LECTURE LINES

Building virtual Factories

This lecture will combine a theoretical with a lab based approach. After a comparatively short theoretical input on factory models in virtual reality environments, groups of students from Mechanical Engineering, Computer Science, and Physics will design and implement factory models in a virtual reality system. The largest system to be used will be a CAVE. A powerwall, 3D-Monitors, and 3D tablets will be part of the lecture as well. Application of glasses for augmented reality applications will also be included. The virtual factory models will include material flow, machine tools, and measurement machines as well as single processes. The laboratory work in the CAVE will take place in Davis and Kaiserslautern, where identical systems are available

 

Features in virtual Manufacturing Systems

The concept of a "factory-level feature" in virtual manufacturing systems is aimed at identifying specific combinations of circumstances and occurrences relating to the overall flow of material throughout a virtual factory model. The classical approach is to consider data from individual sensors or material flow metrics via e.g. thresholding, or Boolean combinations thereof, as features. However, it is not scalable to the factory level due to the large number of such metrics in a model. Here, techniques for the analysis of high-dimensional spaces created by a large number of individual measurements must be developed (e.g. using projection and other dimensionality-reduction techniques). Corresponding analysis tools will combine such methods with appropriate interaction methodologies to allow user-guided specification and evaluation of factory-level features that scales to an entire virtual factory model.

 

Manufacturing Technologies

Macro, micro, and nano cutting

Within this IRTG, cutting technologies are investigated in depth. In order to bring all participants to a similar level of knowledge in this area, this lecture addresses metal cutting from macro to micro cutting, and molecular and atomistic effects in nano cutting. In the lecture fundamental knowledge of chip formation and material removal mechanisms in the cutting zone (shear, deformation, ploughing, etc.) will be taught. A particular focus will be on the thermal aspects (formation of heat in chip formation, influence of heat and heat flow) and the effects of cooling to be able to define boundary conditions when modeling and simulating processes.
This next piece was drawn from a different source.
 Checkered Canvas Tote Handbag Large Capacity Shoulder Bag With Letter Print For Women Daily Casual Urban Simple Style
The knowledge on the manufacturing processes and tools will be complemented by an introduction to the machine tools which are used for cutting technologies.
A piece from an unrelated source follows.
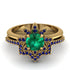 Round Emerald Flower Bridal Set - Michelle No. 64 image 2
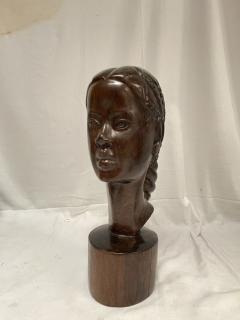 1950s carved pear wood sculpture showing an African woman head - 4121511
Non-conventional manufacturing technologies

A significant part of this IRTG is devoted to the investigation of so-called non-conventional manufacturing technologies such as EDM, ECM, plasma sintering, spraying, and coating. The in-depth understanding of these manufacturing technologies is typically not part of a manufacturing engineering curriculum. However, their importance and application is raising continuously. Therefore, in this lecture the participants of this IRTG will learn about non-conventional manufacturing technologies, their physical characteristics, their process parameters, and the machine tools used. Finally, applications will be explained and elaborated on.

 

Lecture line physical modeling

Innovative Finite Element Simulations

The basics of the finite element method (FEM) are presented by use of weak forms. Different strategies to include constitutive relations are discussed. Special attention is given to large deformations and inelastic materials. For the particle finite element method (PFEM) the focus is on meshing procedures and geometric features, such as the alpha shape method. The implementation of time dependent problems is illustrated by the example of a dynamic phase field model of fracture. The energetic foundation of the phase field method of fracture is discussed with regard to the classical fracture mechanical concepts of Griffith.

Molecular Modeling

Molecular modeling and simulation approaches are introduced on the basis of statistical mechanics. In particular, the lecture covers Monte Carlo and molecular dynamics simulation methods related to entropic quantities, fluid phase equilibria, and interfacial phenomena. It is also discussed how intermolecular interactions influence the local structure on the molecular level, and how equations of state can benefit from this knowledge. In a computer laboratory, the participants implement algorithms from the lecture and apply them to representative test cases.